27.3.13

Dourada ignorância

Joaquín Torres García
















Queremos, a todo o custo, evitar o sofrimento. Percebemos depois que, sem ele, não seria possível a aprendizagem, uma boa dose de crescimento e uma maior capacidade de adaptação. Sem ele estaríamos livres da dor e encerrados numa espécie de ignorância dourada.

Quotidiano

Joaquín Torres Garcia

26.3.13

Saco cheio

Joaquín Torres Garcia



















Enquanto fazia o percurso, a minha cabeça era um saco cheio. Tentei pôr as ideias em ordem sem travar o raciocínio, quis perceber o fenómeno que vivia mas a dificuldade aumentava. Tentei relembrar todos os passos desde que o despertador tocou: desliguei-o; sentei-me na cama; calcei os chinelos; abri a janela e era noite, isso, era noite e o relógio marcava sete horas da manhã. Apenas alguns estabelecimentos tinham luz, algumas ruas mantinham candeeiros acesos, alguns semáforos funcionavam. A distracção fez-me parar quase em cima da traseira do carro da frente. - Está a olhar para onde oh parvalhona? - Ouvi gritar pelo vidro - Não liguei. O caminho para a escola foi feito entre as poucas luzes que os geradores mantinham acesas e alguns semáforos intermitentes que, com cautela, tive que atravessar.
Ao portão estava o Sr.

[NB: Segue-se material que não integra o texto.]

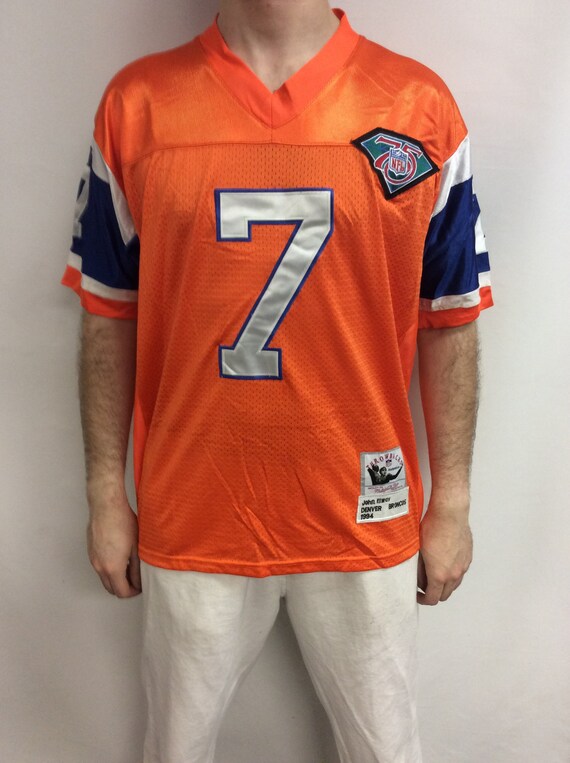 90's Denver Broncos "John Elway" #7 Mitchell & Nes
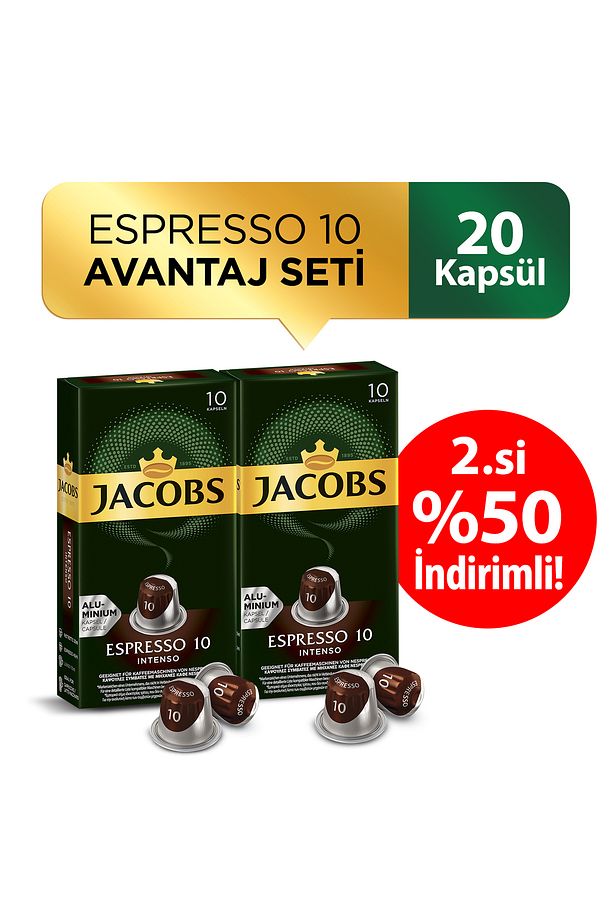 Capsule Espresso 10 Intense X 2 Adet 2.%50 - 1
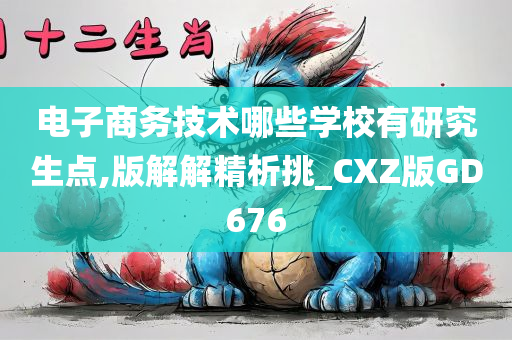 电子商务技术哪些学校有研究生点,版解解精析挑_CXZ版GD676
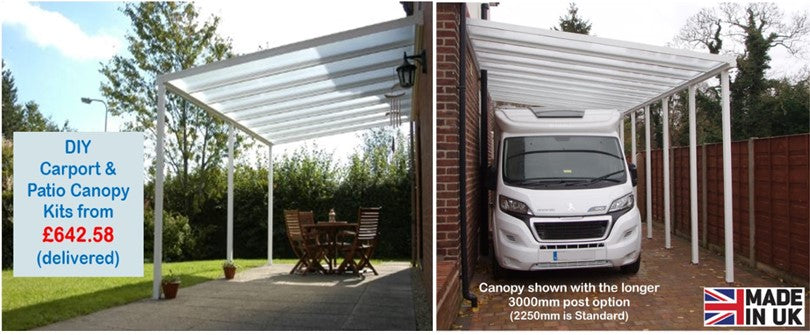 DIY Carport Canopy Veranda Kit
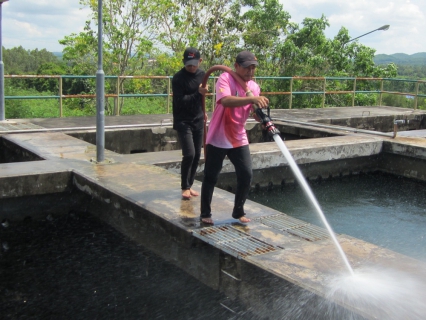 ไฟล์แนบ   กปภ.สาขาบ้านฉาง ทำความสะอาดระบบผลิตน้ำประปา ณ โรงกรองน้ำบ้านฉาง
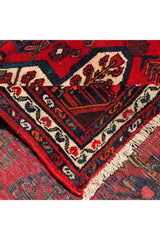 AUTHENTIC HAND KNOTTED VINTAGE HAMIDOUN WOOL AREA RUG 4.8 X 3.4 FT (583 GER)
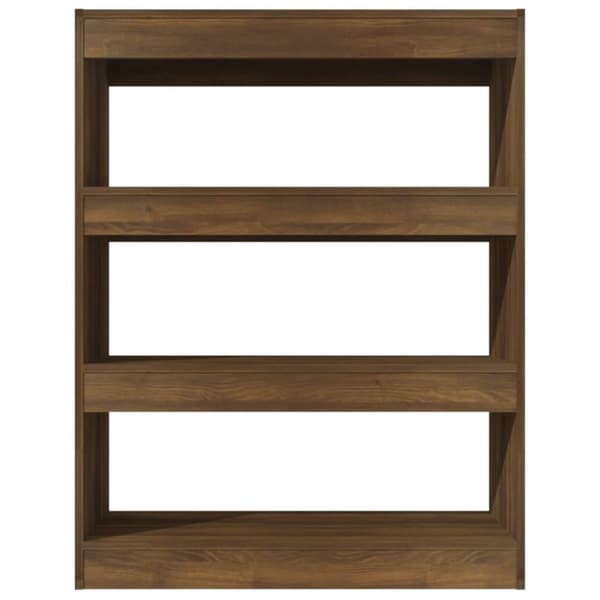 vidaXL bogreol/rumdeler 80x30x103 cm konstrueret træ brun eg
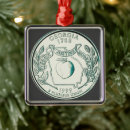 Search for state of georgia christmas tree decorations Peach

Vítor, sempre atento aos professores e aos alunos:
- Bom dia, Dra.
- Bom dia, Sr. Vítor, sabe dizer-me o que se passa hoje? Estou assustada.
- Porquê Dra. Teresa?
- Por nada, Sr. Vítor, por nada.
Entrei no edifício quase às escuras. Senti as vozes dos colegas na sala de professores e o barulho dos alunos que entravam nas salas de aula. A boca estava seca. Fui ao bar pedir um copo de água à D. Rosa, atendeu-me com uma vela acesa no balcão e com a naturalidade do costume. Abri a boca de espanto e ela riu.

Tempos

Joaquín Torres Garcia

23.3.13

Centrifugação

Não me quero ir embora sem perceber as coisas que me centrifugam os neurónios, esses seres malévolos em dias de tempestade e encantadores em dias de sol. Quando me vou embora sem perceber as coisas que me centrifugam os neurónios, caio no primeiro degrau que encontro e magoo tudo o que está cá dentro, excepto as dúvidas teimosas.

22.3.13

Promessas

Quando as noites prometem, convém ficar atenta ao ruído surdo que vem do escuro, não vá uma pessoa perder pitada do importante e grande parte do detalhe que teima em provar que existe.

9.3.13

Quando os pés não calçarem luvas

As meias horas cortadas em partes iguais de adiamento foram postas em suspenso. Quando a campainha tocar, quando o copo se encher, quando as mãos encontrarem as verdades postas debaixo do tempo, quando tudo parecer ainda mais nítido, quando os pássaros vierem dizer que pode ser dia, quando pensarmos que o dia é igual à noite, quando a vida tomar partido da lucidez que sustenta todas as ideias transformadas em pingos, quando a cama ficar cheia de lençóis e a sala ficar cheia de música, quando terminar a respiração adiada, quando tudo voltar ao agora, quando se entender a clareza com o gesto, quando os pés não calçarem luvas, quando as mãos afastarem as meias, quando o colo for suficiente.